I'm looking for a faster way to create a large vector in memory. I'm not sure that it is possible but I wanted to see if anyone has recommendations. For example, the below takes more than 60s. That's not surprising considering the size; however, if there is an optimization, I sure would love to use it.
let mut _sequence_matrix2: Vec<Vec<u16>> = vec![vec![0; 60]; 1000000000];
The Vec of Vecs created in that code would allocate 1000000000Vecs on the heap, which would be incredibly slow.
I would recommend flattening to a one dimensional Vec, then calculating the index manually. For instance:
let mut _sequence_matrix2: Vec<u16> = vec![0; 60 * 1000000000];
// To access row `3` column `2`, the index is 3*number of columns + 2
let elem = _sequence_matrix2[3*1000000000]
vec! already does exactly this! When you call vec![x; N], it will use the given N to allocate the correct size initially. I think reimplementing that functionality would just making the code more verbose without much benefit.
If you do need a jagged array, but can tolerate slightly higher base memory usage, and don't need to do all the allocation upfront, you might create a Vec<Cow<'static, [u16]>> instead.
let mut _matrix: Vec<Cow<[u16]>> = vec![Cow::Borrowed(&[0; 60]); 1000_000_000];
Be aware that if you end up populating all the "rows" anyway, this will both end up taking more memory and, most likely, be slower than a Vec of Vecs. But it came to mind so I figured I'd just mention it.

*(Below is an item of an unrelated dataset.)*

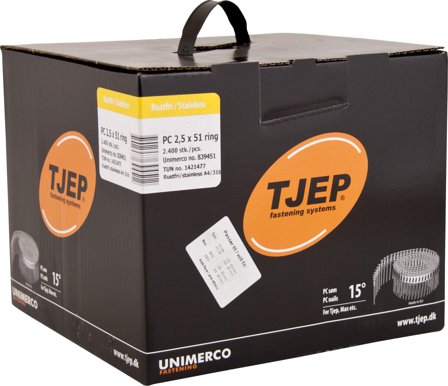 TJEP 839451 Ringspik rundbandad, rostfri A4, 15° PC 2,5 x 51 mm, 2400-pack, Infästning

175 microseconds with this approach. Wow. Thank you. It's not clear how I would use the wrapper you provided but I will spend some time understanding this gift so that I can use it. This is so fast that I will happily abandon the vec of vecs approach. Thanks again and everyone else for your responses. I really appreciate everyone's time to help.
It seems the vec![0; 60 * 1000_000_000] takes the specialized fast path utilizing __rust_alloc_zeroed() function, while vec![[0; 60]; 1000_000_000] failed to take that path and manually initialize each elements during iteration of 1000_000_000 cycles. We may improve it later, but for now, use ndarray
While creating a flat vec using an index is extremely fast and very memory efficient, one side effect is that the memory seek of a flat Vec is 100 times slower than a Vec of Vecs. I might end up allocating this way at startup while loading the vec of vec memory strucuture and then switching to that. In that way, I can have fast startup and then fask seek.
I have generally found that the reverse is true: Reading from a flat Vec<T> is much faster in real-world use cases than reading from a Vec<Vec<T>>. The former involves just one pointer invalidation and possible cache miss, while the latter involves two. The former will also be more cache-friendly than the latter, for workloads that read multiple rows in order. It also reduces the number of bounds checks.
That is very surprising to me. Unless you happen to get really unlucky with cache misses, the nested Vec should always be slower or at best about the same speed as the flat one. Can you make a self-contained example that shows such a dramatic speed difference?
I quite like ndarray. However, there is some wrapper overhead and is slightly slower when creating the data structure and is slower on reads than a vec of vecs.
Somehow, something I can't explain yet and must be due to some Rust / LLVM SIMD optimizations, I can loop over each element of every vec in the set of 1B x 60 vecs of vecs in 27ns on a single core, which seems impossible on the surface.
Vecs in Rust in general, are crazy fast; faster than I can replicate in C. Amazing.
Using a flat indexed vec, this slows to 13ms, which is also fast, but slower than vec of vecs.
I'm trying to understand this myself using perf. I don't understand it. The easiest explanation in my mind is a malloc fault in Rust, but I doubt that's the case. Creating the vec of vecs allocates up to 150GB so it's not small. Maybe Rust is taking advantage of SIMD instructions to do up to 128 ADDs per cycle? That's the only way the math could work, which could allow up to 128B operations / second hypothetically.
That kind of dramatic difference in the opposite direction we'd expect (making N small allocations should be slower than 1 large allocation) is an extremely strong sign that something went wrong with the benchmark, and you're mostly measuring something unrelated to the data structure choice. Could you show us your exact code and exactly how you're running it and evaluating the times? In particular, are you using a proper benchmarking framework that takes care of warming caches and aggregating thousands of runs and so on to avoid drawing conclusions from random noise? (from our perspective reading this thread, that sort of basic methodology error is by far the most likely explanation for what you're seeing)
Oh, one possible explanation is that vec![0; m*n] is optimized to use calloc, which on Linux for example uses copy-on-write pages to avoid actually zeroing memory until you write to it. This means that you may pay the initialization cost on first access, rather than on creation. Assuming you write to every page, then you should still pay the same cost overall, but it will show up in a different part of your code.